Howard Roark is kicked out of architecture school because his ideas are bizarre and unconventional. He is unperturbed and moves on to make something of his passion. He interns under Henry Cameron, an architect who is pushed to obscurity due to the very ideas that Roark was expelled from school. After Cameron's death, Roark joins Guy Francon's firm under Peter Keating, a wily architect who gets his work done more through flattery than through his talent. Unable to suppress his vision, Roark is fired for insubordination.
Roark starts his own firm but doesn't get enough traction and winds it up to go and work on a granite quarry. Here he encounters Guy Francon's daughter Dominique and their unusual love story begins.
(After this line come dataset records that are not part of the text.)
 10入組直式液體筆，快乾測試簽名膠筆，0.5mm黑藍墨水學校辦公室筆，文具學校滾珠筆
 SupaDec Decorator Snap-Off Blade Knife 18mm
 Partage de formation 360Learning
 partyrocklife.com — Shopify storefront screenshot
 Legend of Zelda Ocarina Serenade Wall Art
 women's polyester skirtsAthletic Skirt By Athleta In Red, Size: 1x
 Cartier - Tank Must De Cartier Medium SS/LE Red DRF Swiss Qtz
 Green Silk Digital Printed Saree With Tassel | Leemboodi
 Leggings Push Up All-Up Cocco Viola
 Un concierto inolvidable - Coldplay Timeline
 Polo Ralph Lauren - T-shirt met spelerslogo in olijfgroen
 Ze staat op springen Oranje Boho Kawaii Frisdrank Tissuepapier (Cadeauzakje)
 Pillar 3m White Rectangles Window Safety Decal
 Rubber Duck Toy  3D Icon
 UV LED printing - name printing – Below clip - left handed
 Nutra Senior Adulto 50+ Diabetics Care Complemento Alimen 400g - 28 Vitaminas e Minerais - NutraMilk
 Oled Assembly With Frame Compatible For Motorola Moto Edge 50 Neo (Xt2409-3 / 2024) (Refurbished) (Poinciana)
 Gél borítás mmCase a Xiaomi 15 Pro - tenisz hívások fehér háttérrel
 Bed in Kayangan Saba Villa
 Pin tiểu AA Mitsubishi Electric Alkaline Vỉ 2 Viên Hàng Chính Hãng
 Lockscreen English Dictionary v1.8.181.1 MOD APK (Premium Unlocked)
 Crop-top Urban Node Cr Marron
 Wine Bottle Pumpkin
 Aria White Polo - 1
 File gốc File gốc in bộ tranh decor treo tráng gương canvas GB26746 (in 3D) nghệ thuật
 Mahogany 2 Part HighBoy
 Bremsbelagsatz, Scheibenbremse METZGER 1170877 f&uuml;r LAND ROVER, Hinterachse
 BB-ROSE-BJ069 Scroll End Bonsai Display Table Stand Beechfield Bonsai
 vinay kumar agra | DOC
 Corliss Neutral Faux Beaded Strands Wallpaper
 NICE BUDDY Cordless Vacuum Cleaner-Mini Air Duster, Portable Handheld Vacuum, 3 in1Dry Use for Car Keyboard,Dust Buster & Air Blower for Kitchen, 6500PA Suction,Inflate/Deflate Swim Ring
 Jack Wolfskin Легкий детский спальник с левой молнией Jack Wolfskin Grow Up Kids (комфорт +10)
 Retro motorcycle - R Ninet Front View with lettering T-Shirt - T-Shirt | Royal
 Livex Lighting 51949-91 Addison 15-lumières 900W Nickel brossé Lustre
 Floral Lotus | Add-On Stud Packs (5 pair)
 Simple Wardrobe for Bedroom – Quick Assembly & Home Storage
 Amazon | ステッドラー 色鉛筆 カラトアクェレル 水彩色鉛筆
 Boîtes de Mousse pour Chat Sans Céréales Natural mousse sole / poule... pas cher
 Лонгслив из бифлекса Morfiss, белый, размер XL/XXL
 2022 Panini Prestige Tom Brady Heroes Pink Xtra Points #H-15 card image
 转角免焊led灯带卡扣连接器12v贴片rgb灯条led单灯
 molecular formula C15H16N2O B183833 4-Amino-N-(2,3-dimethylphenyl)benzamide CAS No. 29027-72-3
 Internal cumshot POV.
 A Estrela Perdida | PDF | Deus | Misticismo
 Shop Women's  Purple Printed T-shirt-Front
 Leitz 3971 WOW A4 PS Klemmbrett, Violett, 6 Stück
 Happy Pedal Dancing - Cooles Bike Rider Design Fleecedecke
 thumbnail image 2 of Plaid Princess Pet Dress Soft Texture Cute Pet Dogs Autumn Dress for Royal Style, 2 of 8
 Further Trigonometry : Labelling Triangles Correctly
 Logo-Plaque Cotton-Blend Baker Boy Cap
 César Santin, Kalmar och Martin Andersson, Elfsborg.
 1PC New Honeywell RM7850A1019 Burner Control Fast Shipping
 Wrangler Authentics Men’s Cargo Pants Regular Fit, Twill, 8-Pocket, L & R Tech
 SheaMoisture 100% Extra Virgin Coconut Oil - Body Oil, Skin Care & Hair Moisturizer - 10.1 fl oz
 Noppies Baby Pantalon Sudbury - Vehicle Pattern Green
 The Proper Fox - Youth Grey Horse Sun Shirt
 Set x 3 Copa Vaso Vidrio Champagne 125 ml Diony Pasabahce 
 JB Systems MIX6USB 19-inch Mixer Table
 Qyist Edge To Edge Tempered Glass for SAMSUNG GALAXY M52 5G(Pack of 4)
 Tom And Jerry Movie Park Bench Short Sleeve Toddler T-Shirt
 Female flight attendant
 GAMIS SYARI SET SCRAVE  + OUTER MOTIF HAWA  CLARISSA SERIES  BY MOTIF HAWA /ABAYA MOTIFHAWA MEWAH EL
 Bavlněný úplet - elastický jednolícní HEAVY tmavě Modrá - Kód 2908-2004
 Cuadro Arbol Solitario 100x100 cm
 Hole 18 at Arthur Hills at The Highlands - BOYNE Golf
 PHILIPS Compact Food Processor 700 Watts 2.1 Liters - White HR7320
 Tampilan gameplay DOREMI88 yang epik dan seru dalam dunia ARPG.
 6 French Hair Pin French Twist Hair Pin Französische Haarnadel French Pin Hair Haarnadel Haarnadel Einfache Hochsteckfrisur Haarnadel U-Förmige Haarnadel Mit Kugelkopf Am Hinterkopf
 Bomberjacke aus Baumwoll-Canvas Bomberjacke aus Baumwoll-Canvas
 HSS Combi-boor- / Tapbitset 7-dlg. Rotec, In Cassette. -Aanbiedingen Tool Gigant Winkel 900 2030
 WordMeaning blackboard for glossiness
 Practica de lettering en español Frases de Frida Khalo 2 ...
But before their love story can make further progress, Roark is called back to resume his work at his own firm.
Ellsworth Tahooey, a self styled expert on everything under the sun and a news commentator connives with Peter Keating to get Roark a project only to have him sued upon it's completion. The whole architectural community is looking down upon Roark when Gail Wynad, a millionaire who made it from the scratch commissions Roark to build a home for him. Wynad and Roark become good friends in the process but their friendship is tested in a scandal conjured up by Tahooey. Throughout the novel, we see Roark unflinchingly driven by his conviction and vision and goes to any extent to defend them.
Most of the people who recommended this book read it during their undergrad years and that's why this influenced them so heavily. Having seen a little bit of corporate culture where one has to be pragmatic (not an idealist like Roark), I found the book a very good read but not one which swayed me.